◆ EXERCISE AIM: When you reach the line containing "A produce department" in the records below, set it down exactly, together with every later line through the end, but not the pictures.
>>>
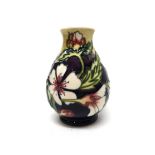 A Moorcroft 'Comfrey' vase, circa 1995, purple/cream ground, 14cm high, boxed.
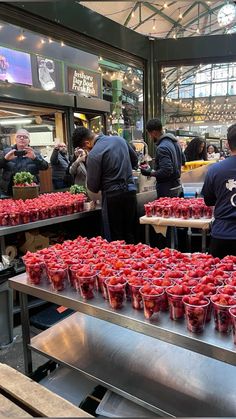 many people are shopping for strawberries at a market place in the city, some with plastic cups on them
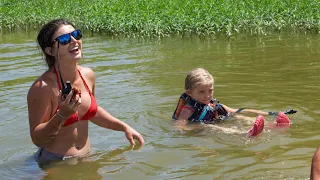 Catfish Noodling: 7 Year Old Girl Catches Huge Blue Cat!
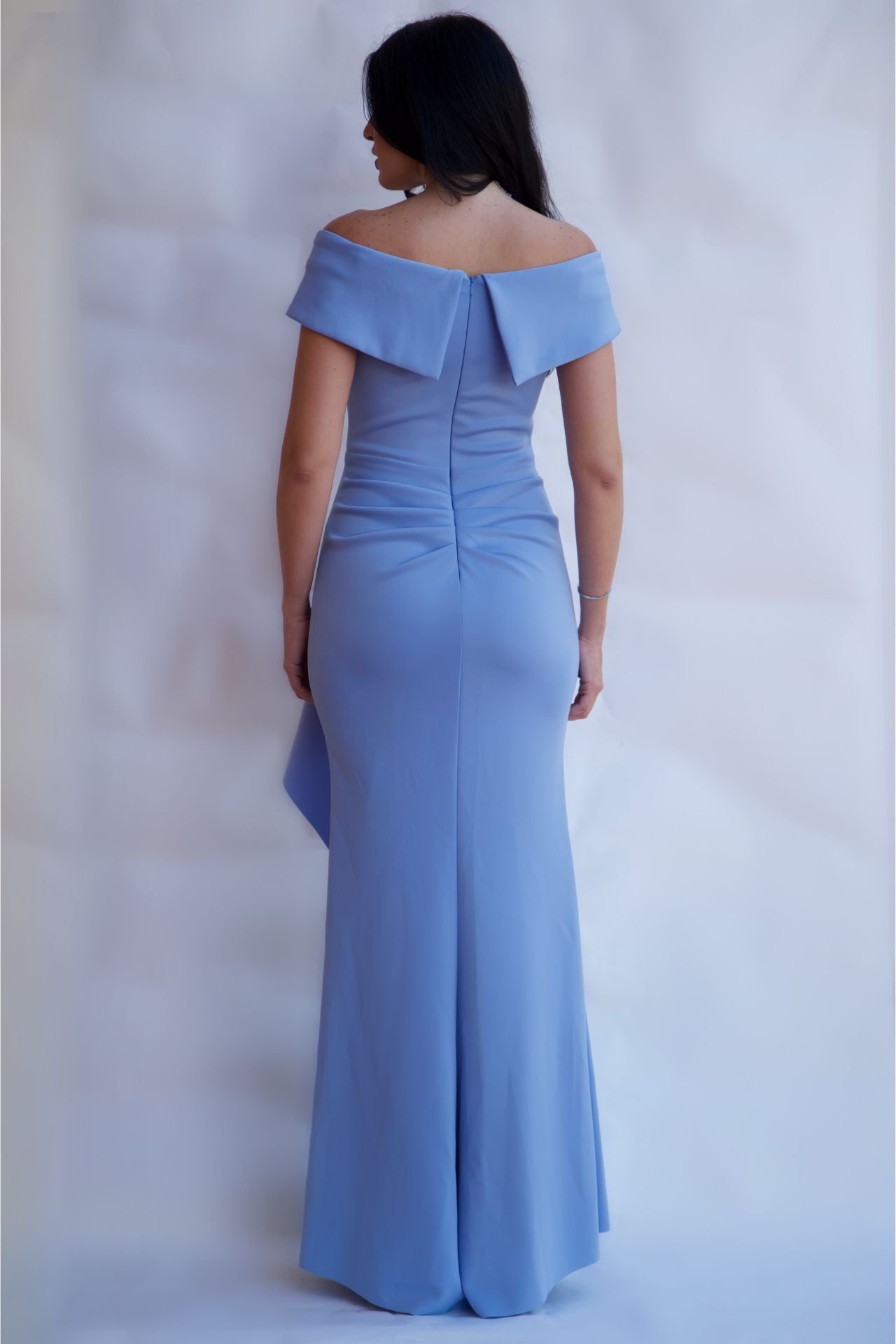 Back view of celestial blue off-shoulder mermaid evening gown showing fitted back and zipper closure available online and in-store
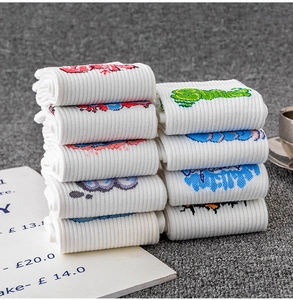 Detail of white cotton athletic socks featuring colorful graffiti patterns and ribbed texture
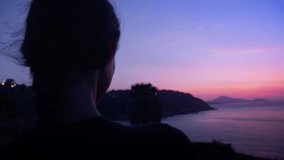Female holding mobile phone with image of sunrise on the screen taking photo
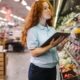 A produce department employee visually inspects fresh produce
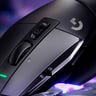 Close-up of a floating Logitech G502 X Lightspeed mouse, pointed downward, in front of an abstract purple background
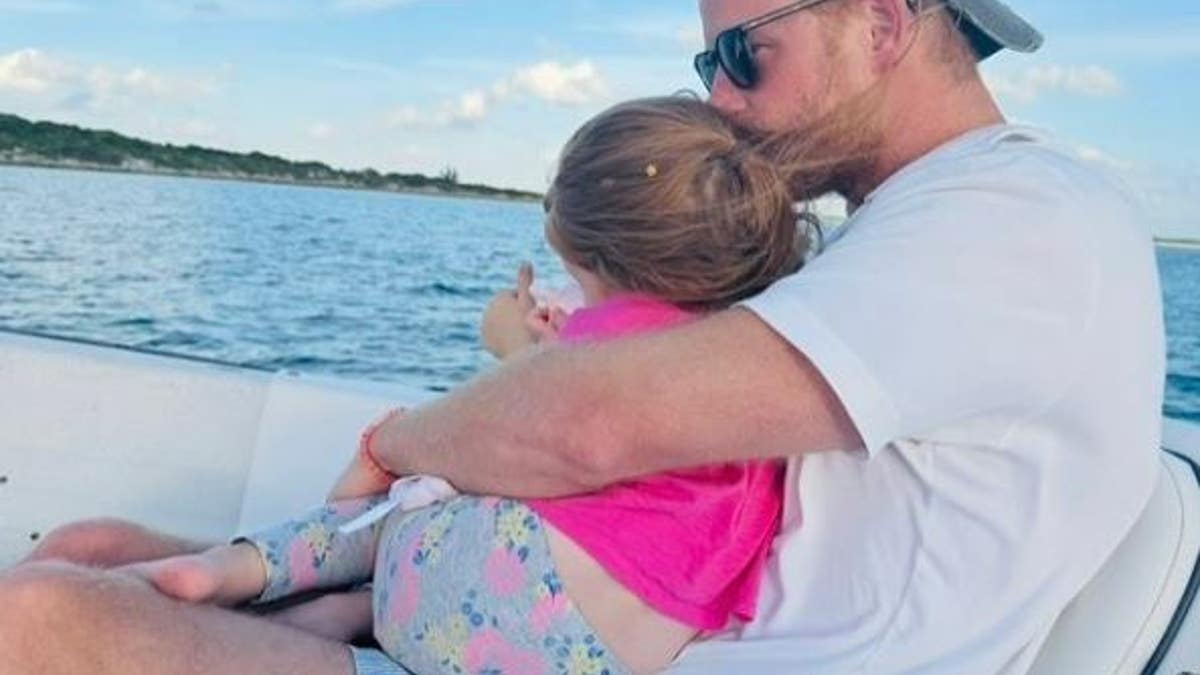 Princess Lilibet cradled by Prince Harry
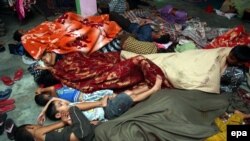 Indian border villagers sleep as they take shelter inside a community hall at RS Pura village, about 25 km from Jammu, the winter capital of Kashmir on October 9, 2014.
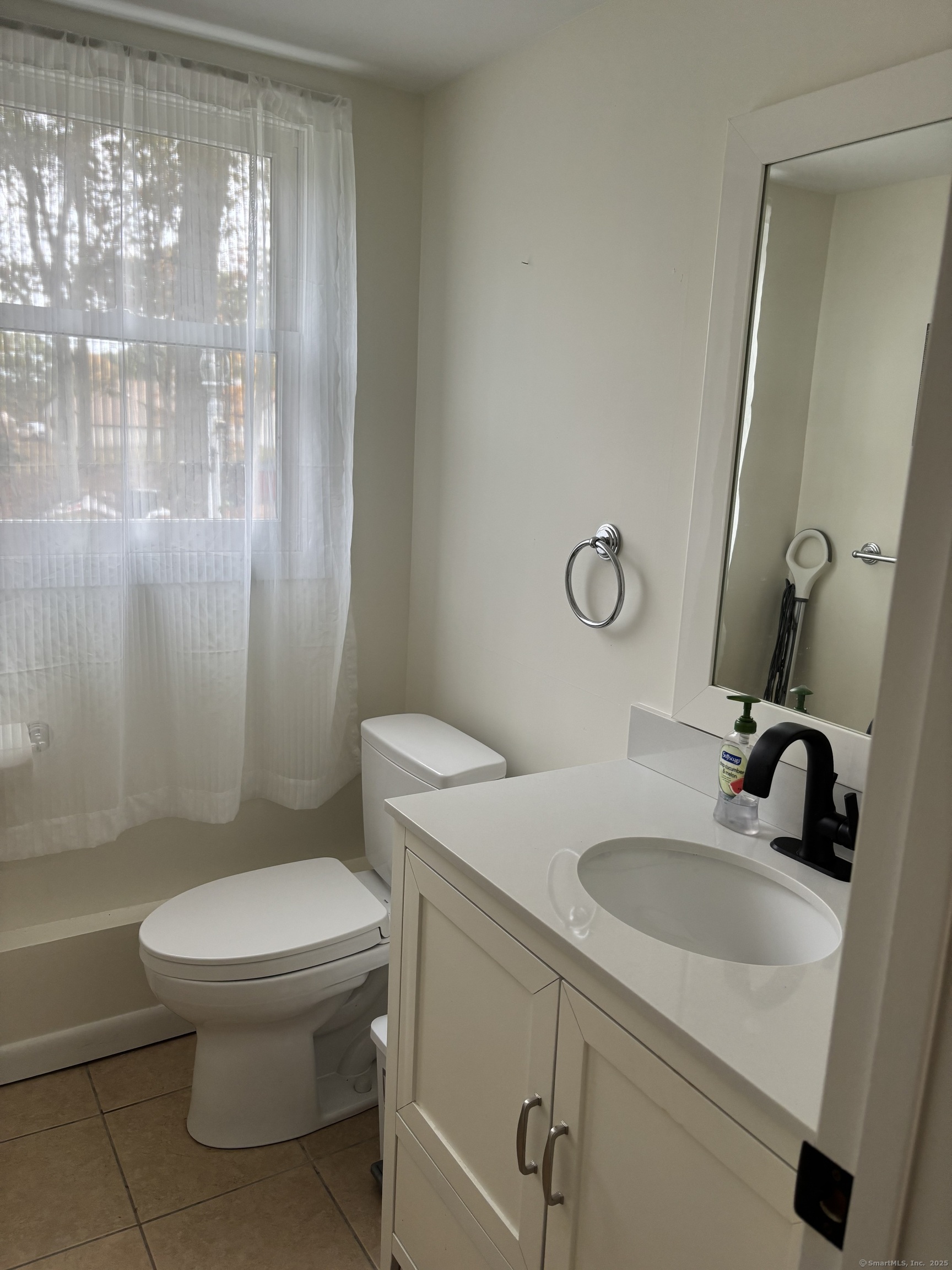 846 Beechwood Road Orange, CT 06477 - Photo 23 of 25 a bathroom with a sink a toilet and shower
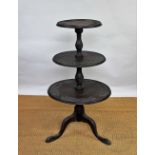 A Victorian carved mahogany three tier dumb waiter, with floral detailing, on tripod base,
<<<
◆ FINISHED EXERCISE:
 A produce department employee visually inspects fresh produce
 Close-up of a floating Logitech G502 X Lightspeed mouse, pointed downward, in front of an abstract purple background
 Princess Lilibet cradled by Prince Harry
 Indian border villagers sleep as they take shelter inside a community hall at RS Pura village, about 25 km from Jammu, the winter capital of Kashmir on October 9, 2014.
 846 Beechwood Road Orange, CT 06477 - Photo 23 of 25 a bathroom with a sink a toilet and shower
 A Victorian carved mahogany three tier dumb waiter, with floral detailing, on tripod base,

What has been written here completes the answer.